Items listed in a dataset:
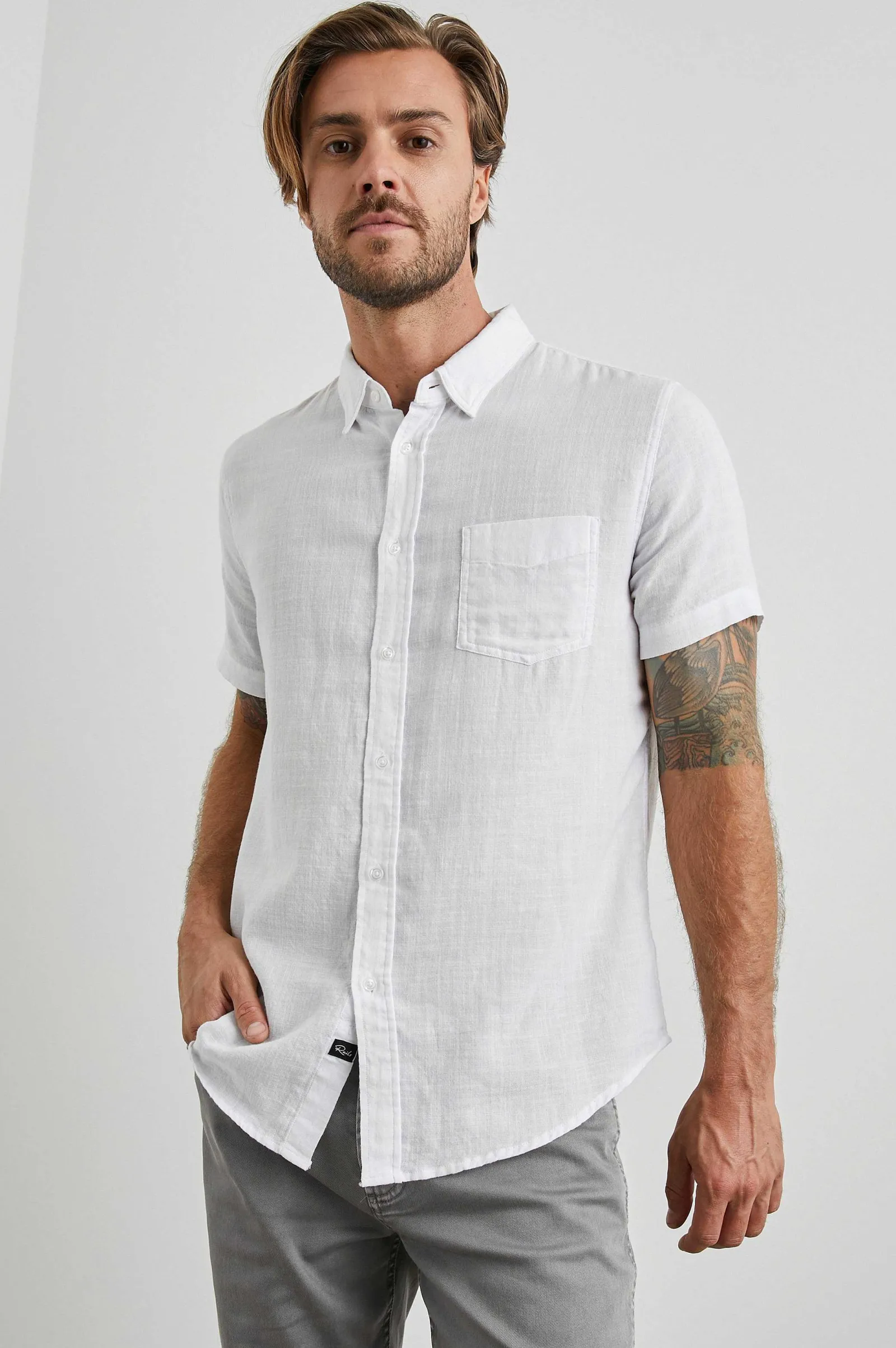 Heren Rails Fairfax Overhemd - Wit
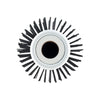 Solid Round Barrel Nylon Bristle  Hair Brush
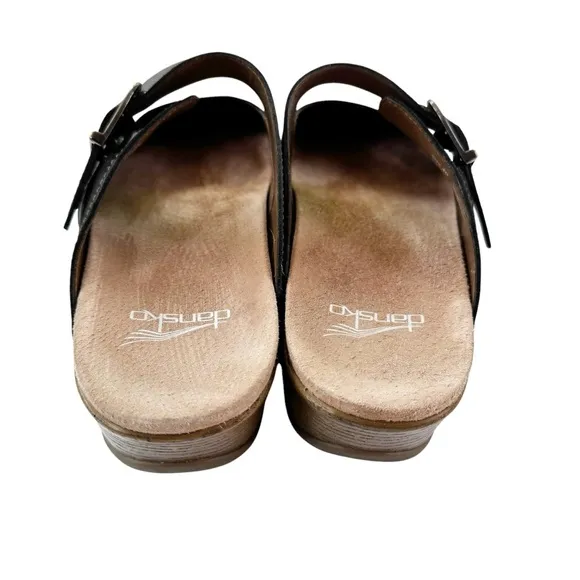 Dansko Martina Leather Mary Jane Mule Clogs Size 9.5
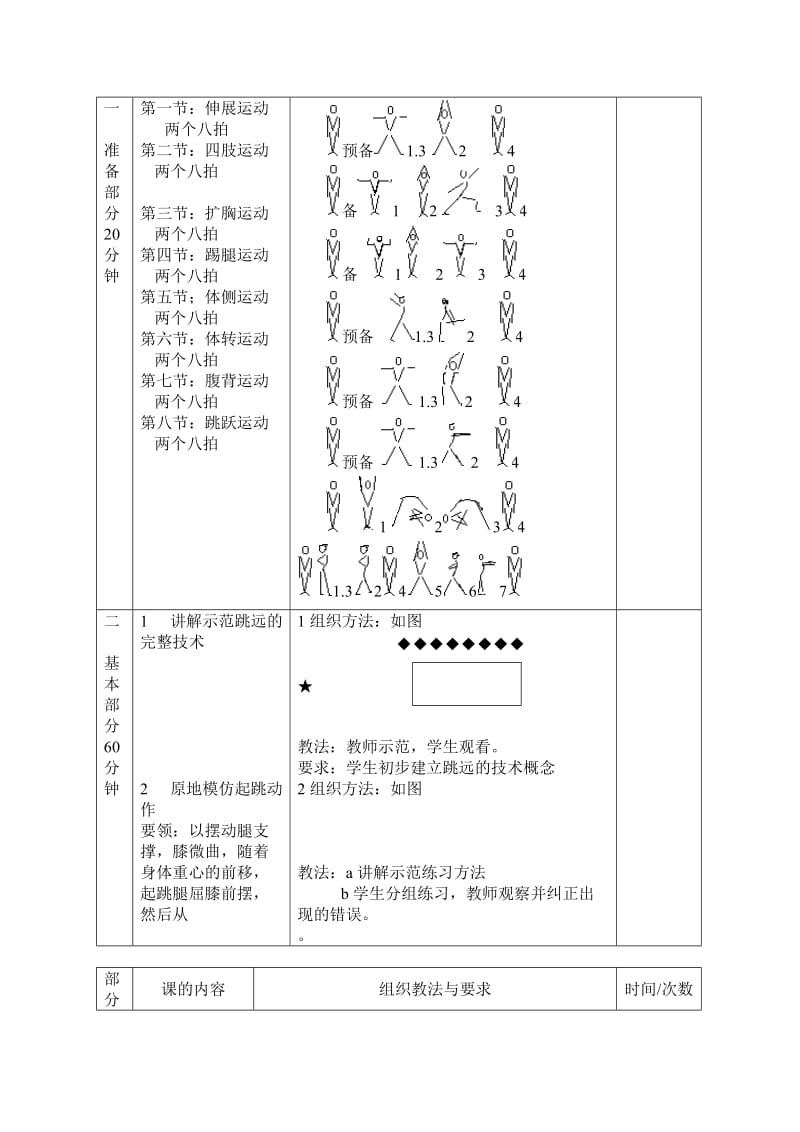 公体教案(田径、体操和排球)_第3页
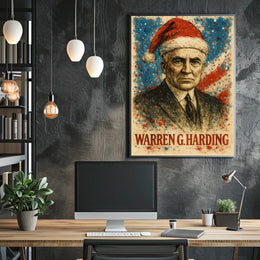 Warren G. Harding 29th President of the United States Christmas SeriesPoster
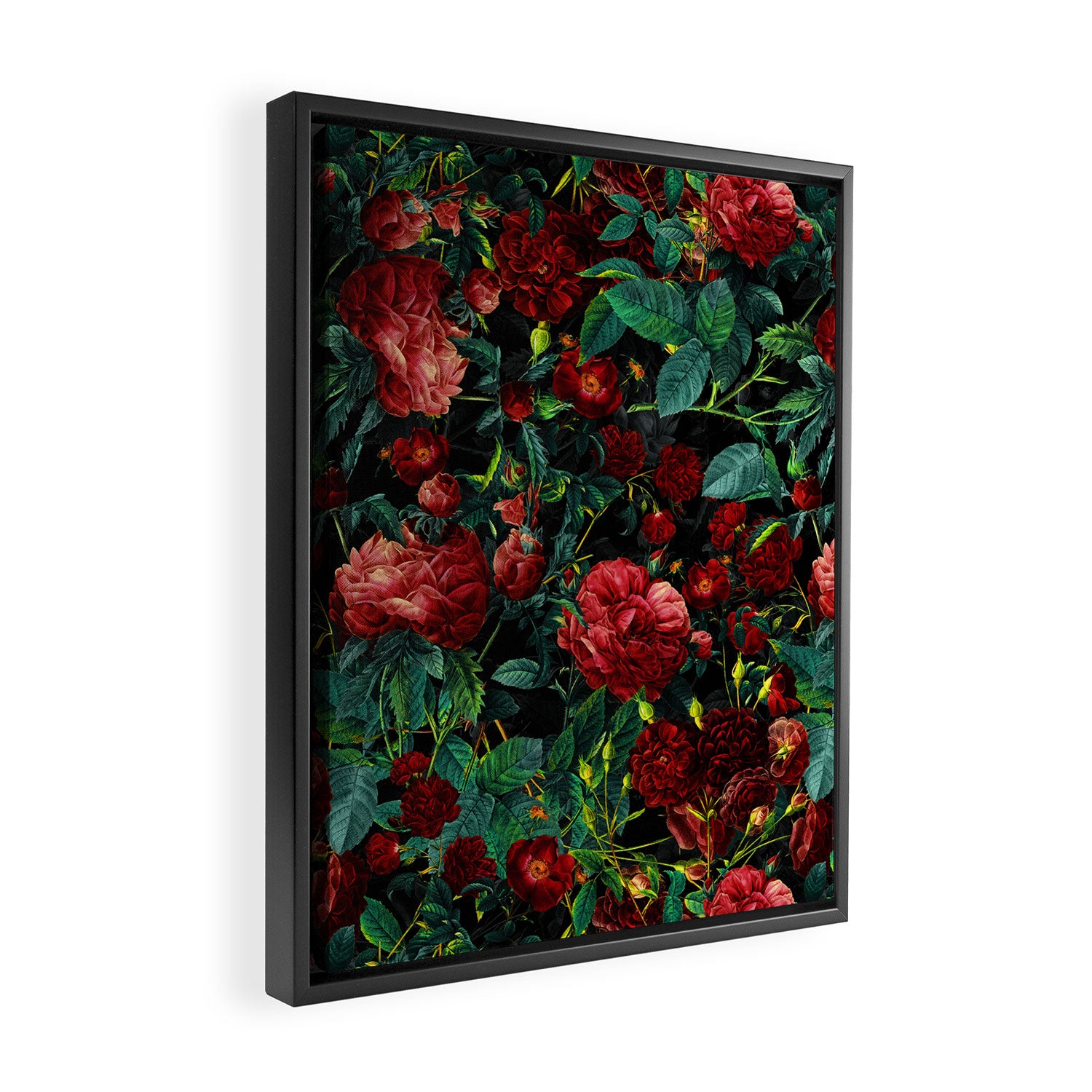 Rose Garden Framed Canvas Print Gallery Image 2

▶ TASK:
Please give a word-for-word transcript of the lines from the one holding "Solid Round Barrel" through the final line of the entries, both ends kept, with no pictures.

▶ EXERCISE SOLUTION:
 Solid Round Barrel Nylon Bristle  Hair Brush
 Dansko Martina Leather Mary Jane Mule Clogs Size 9.5
 公体教案(田径、体操和排球)_第3页
 Warren G. Harding 29th President of the United States Christmas SeriesPoster
 Rose Garden Framed Canvas Print Gallery Image 2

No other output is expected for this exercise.